The enhanced DRS logic is now workload-centric rather than cluster-centric, as it was before with DRS. The DRS logic is completely rewritten to have a more fine-grained level of resource scheduling with the main focus on workloads. This blog post goes into detail on the new DRS algorithm, and explains how to interpret the metrics as seen in the new UI.

The Old DRS

vSphere DRS used to focus on the cluster state, checking if it needs rebalancing because it could happen that one ESXi host is over-consumed while another ESXi host has less resources consumed. DRS runs every 5 minutes, and if the DRS logic determined it could improve the cluster balance, it would recommend and execute a vMotion depending on the configured settings. That way, DRS used to achieve cluster balance by using a cluster-wide standard deviation model.

The New DRS

The new DRS logic in vSphere 7 takes a very different approach. It computes a VM DRS score on each host and moves the VM to the host that provides the highest VM DRS score.

The biggest change from the old DRS version is that it no longer balances host load directly. Instead, it improves the balancing by focusing on the metric that you care most about: the virtual machine happiness. Important to note is that the improved DRS now runs every minute, providing a more granular way to calculate workload placement and balancing. This results in overall better performance of the workloads.

VM DRS Score

The new DRS logic quantifies virtual machine happiness by using the VM DRS score. First, let me emphasize that the VM DRS Score is not a health score for the virtual machine! It is about the execution efficiency of a virtual machine. The score values range from 0 to 100% and are divided into buckets; 0-20%, 20-40%, and so on.

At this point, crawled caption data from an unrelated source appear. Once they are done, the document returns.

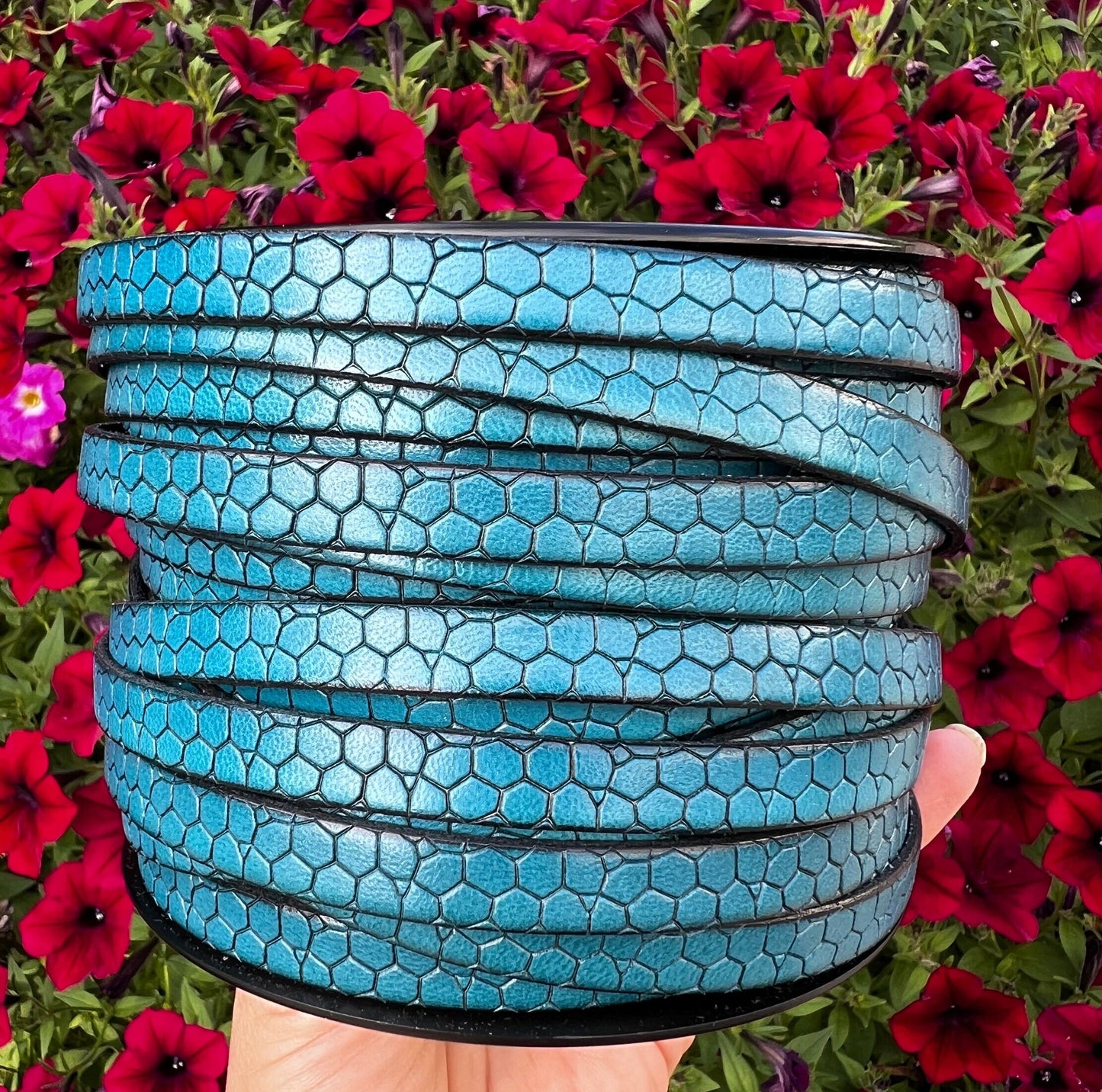 MADE in EUROPE 24" flat engraved leather cord, 10mm crocodile skin embossed cow leather cord, alligator skin embossed cord (AR250/10/19)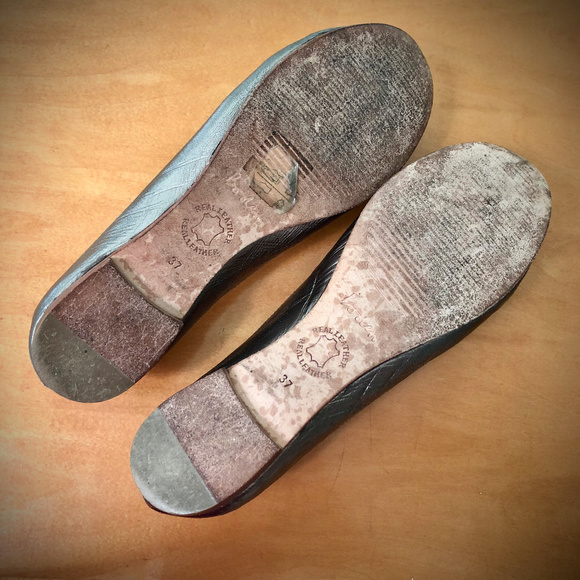 🌟2/$30🌟 Boden Pewter Metallic Embellished Leather Flats - Picture 5 of 8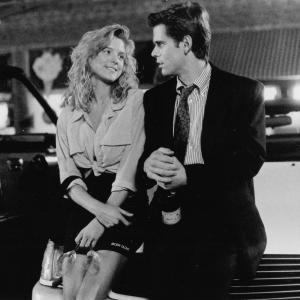 Still of C. Thomas Howell and Courtney Thorne-Smith in Side Out (1990)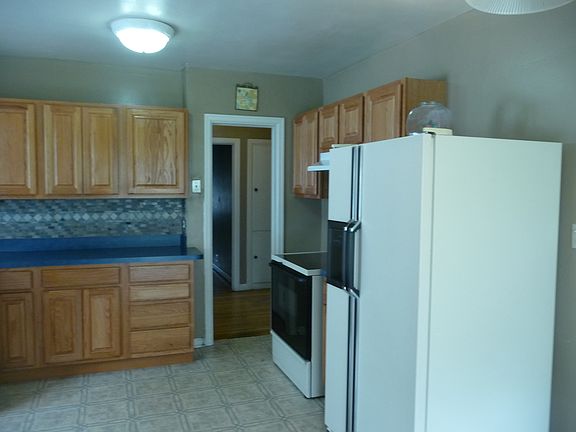 3rd image of 1420 N Bosart Ave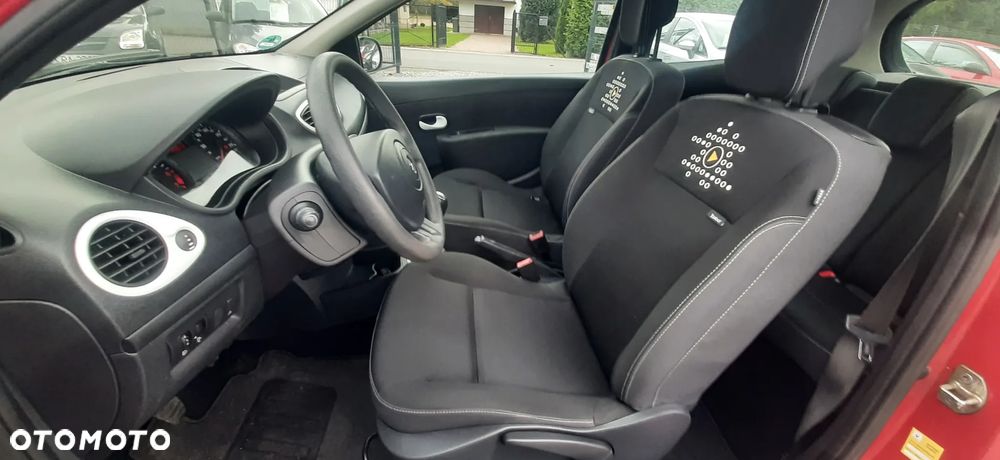 Renault Clio - 28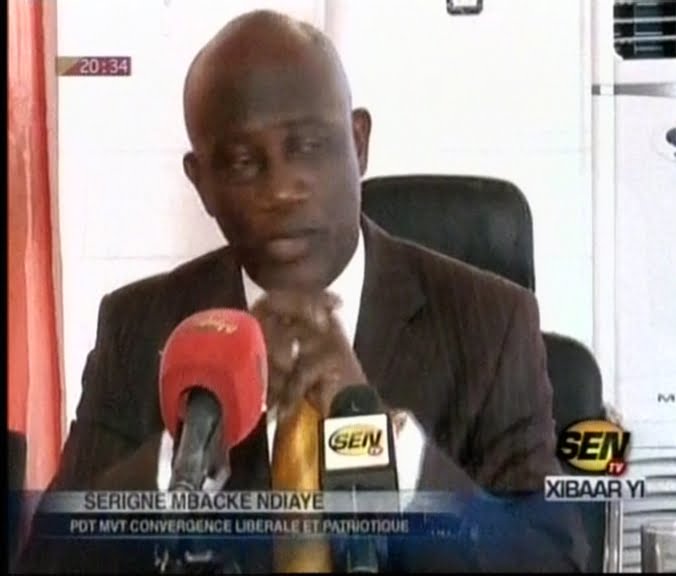 Vidéo-Envoi des Jambaars en Arabie Saoudite: Serigne Mbacké Ndiaye en phase avec Macky Sall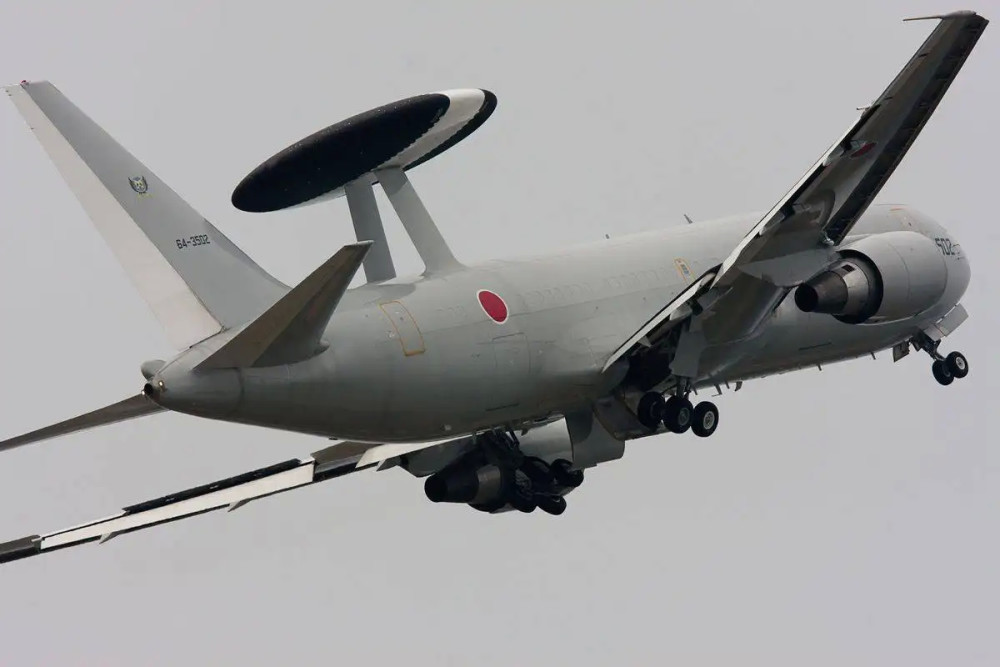 日本E-767模型变成残骸，中国高超音速导弹打飞机，还有更厉害的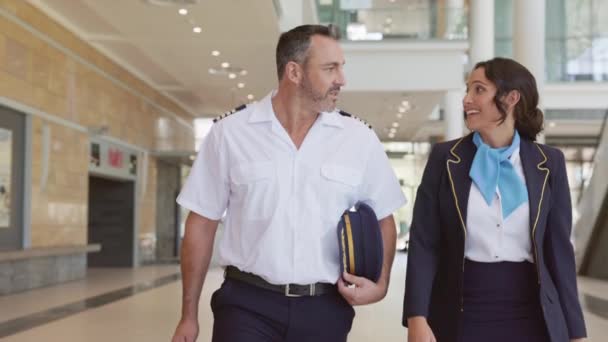 Uśmiechnięty Pilot Stewardessa Spacerują Razem Dyskutują Lotnisku Doświadczony Pilot Samolotu — Wideo stockowe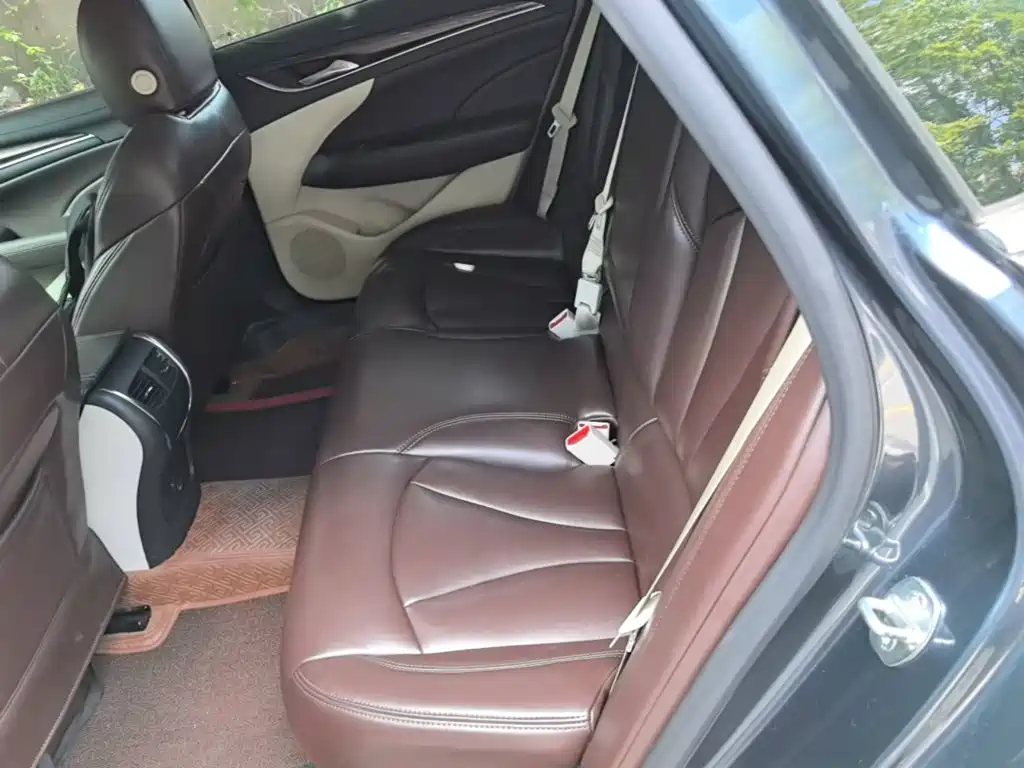 Buick LaCrosse — миниатюра 17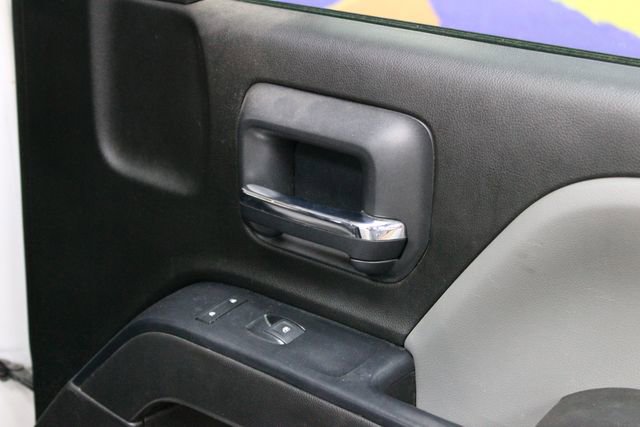 Used 2018 Chevrolet Silverado 1500 W/T w/ WT Convenience Package AWD/4WD image 9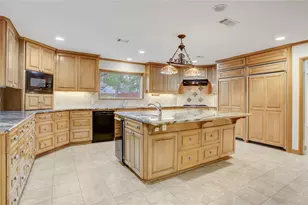 309 Westminster Dr, Houston, TX 77024 - Photo 17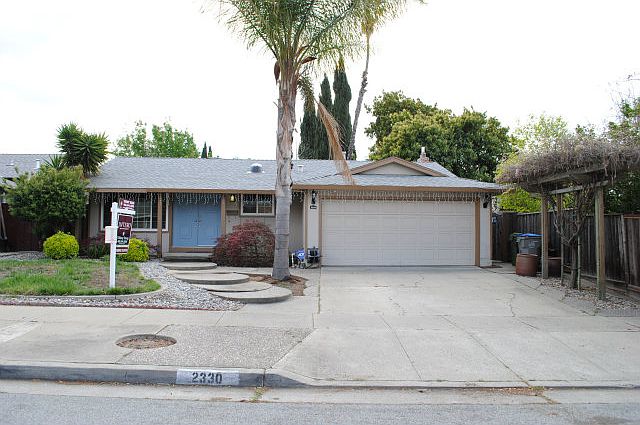 1st image of 2330 Pentland Way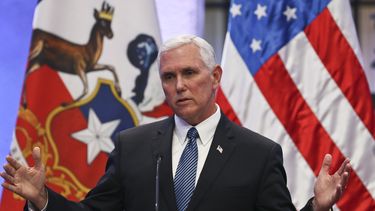 Pence se mantiene firme en su defensa de Trump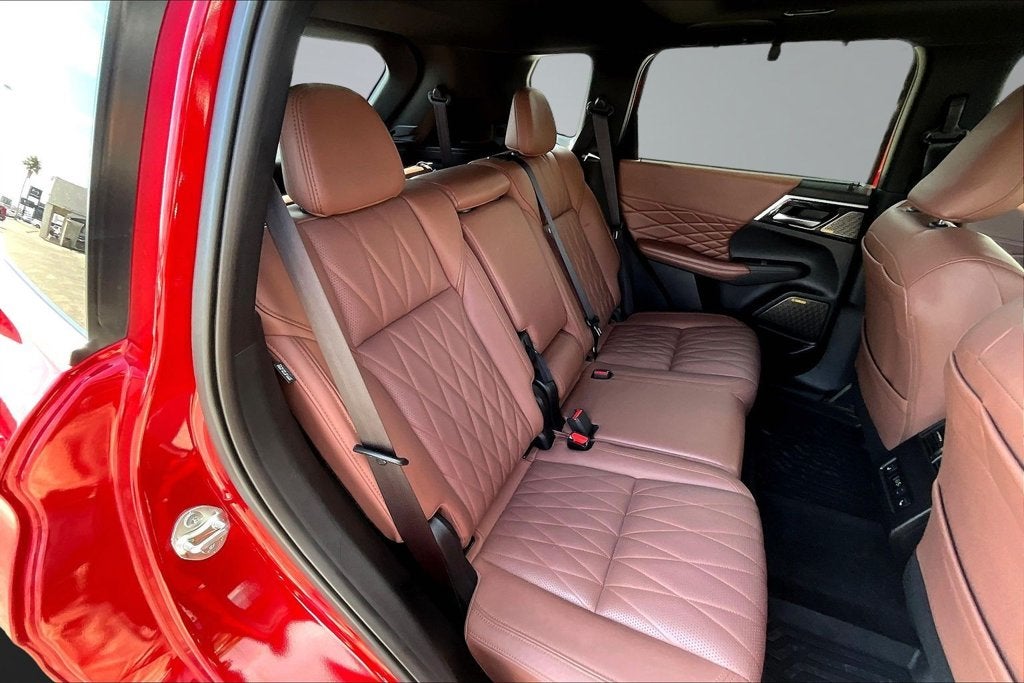 2025 Mitsubishi Outlander SEL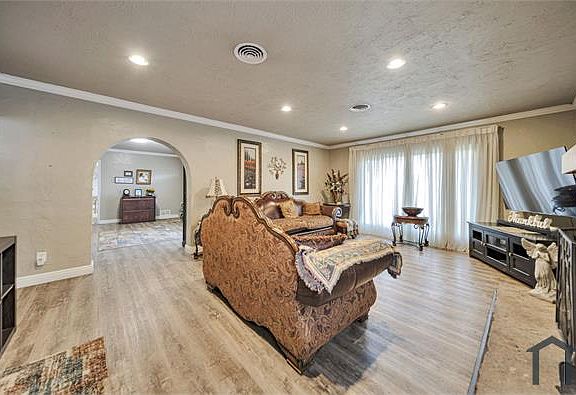 5th image of 2934 W Ryan Dr #B
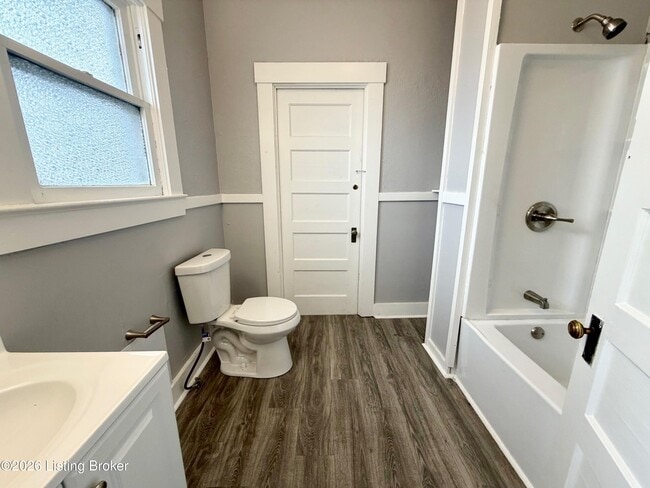 Photo - 1825 E Oak St Unit 2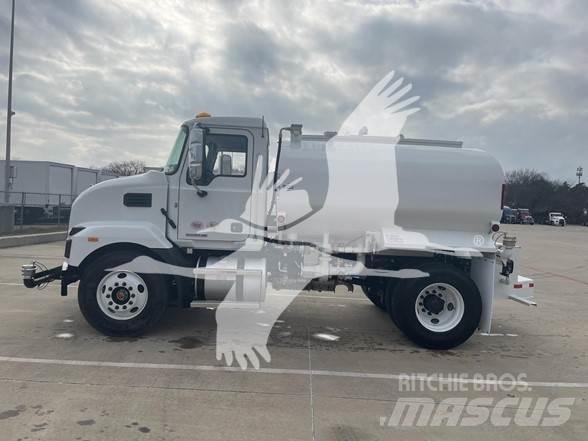 Mack MD7 運油車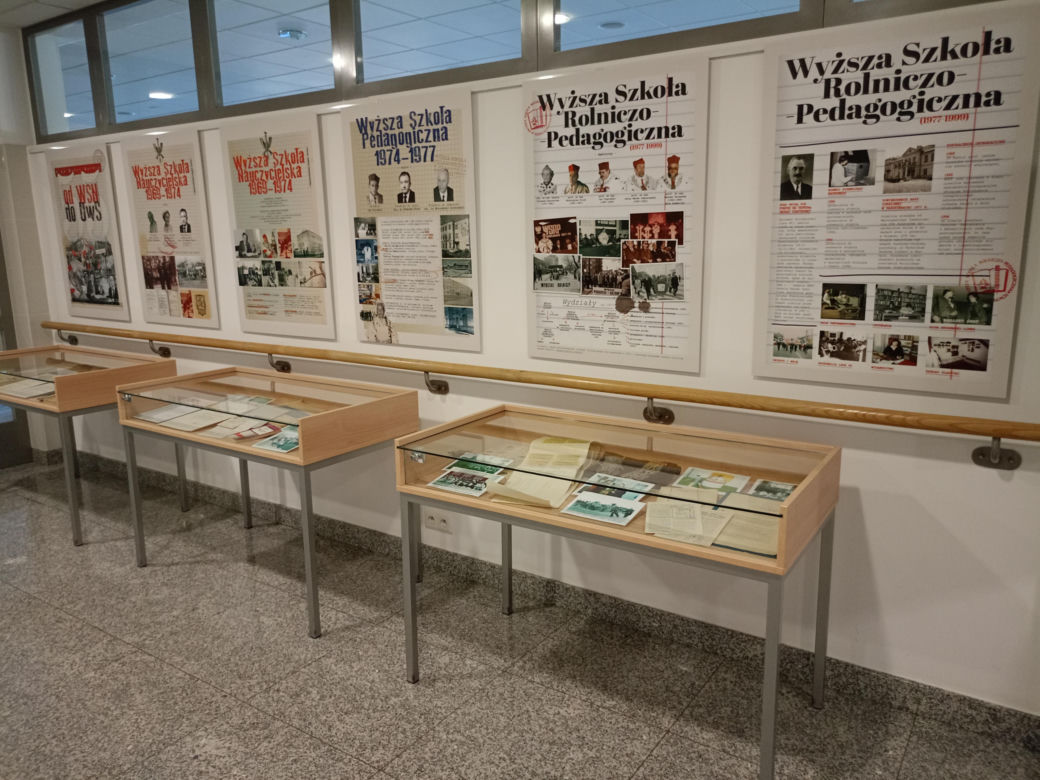 Wystawa w uniwersyteckiej bibliotece w Siedlcach będzie czynna do końca 2024 roku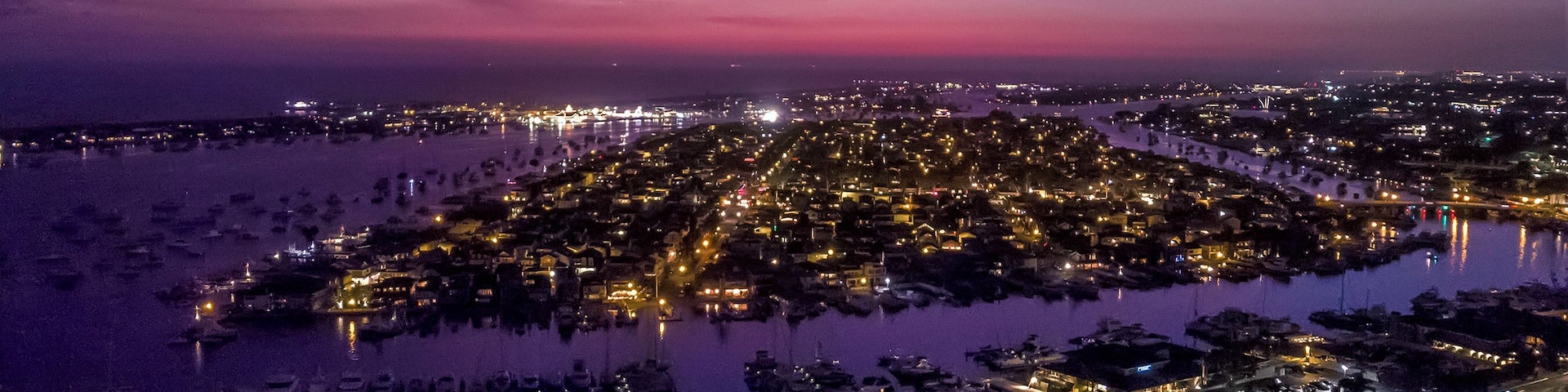 Lucky when the stars align and the winds die down to take a dusk time flight. Blessed to live in such a photogenic town with endless possibilities. If ever on the west coast look me up for info on Newport Beach.
Notes: taken from a public street / no special notes, close to Corona del Mar Beach
@robbimage www.robbimage.com
#bvsphotogsquad #lensculture #MegaPhotographers #aerialphotography #dji #dronesdaily #dronestagram #viewfromabove #dronelife #droneoftheday #TroveOn #beachlife #shore #waves #ocean #ilovenewportbeach fodorsonthego #lonelyplanet #amazingday #NeverStopExploring #TravelDeeper #surroundmewithwater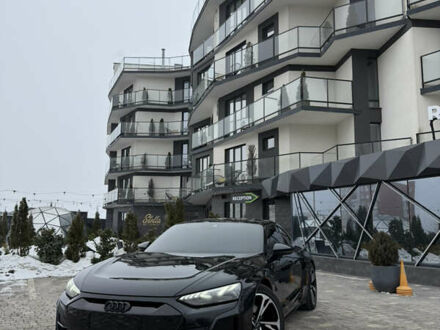 Черный Ауди e-tron GT, объемом двигателя 0 л и пробегом 68 тыс. км за 55500 $, фото 1 на Automoto.ua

Obtaining a VM DRS score of 80-100% indicates that there is mild to no resource contention. It does not necessarily mean that a virtual machine in the 80-100% bucket is doing way better than a virtual machine in the lower buckets. That is because there are many metrics that influence the VM DRS score. Not only performance metrics are used, but capacity metrics are also incorporated in the algorithm.

The performance drivers for the VM DRS score are contention based, using metrics like CPU %ready time, good CPU cache behavior, and memory swap. The reserve resource capacity, or headroom, that a current ESXi host has is also taken into account to determine the VM DRS score. Will the virtual machine be able to burst resource consumption on its current host and to what level? Are there other ESXi hosts in the cluster that have more headroom available? All these factors play an important role in the calculation of the VM DRS score.

The improved DRS is no longer thinking about the relative load between ESXi hosts in a cluster, the main focus is on the happiness of the workloads. Next to VM DRS Score, DRS presents the Cluster DRS Score in the UI. It is calculated using an aggregation of all the happiness VM scores in the cluster. DRS will try to maximize the execution efficiency of each virtual machine in the cluster while ensuring fairness in resource allocation to all virtual machines.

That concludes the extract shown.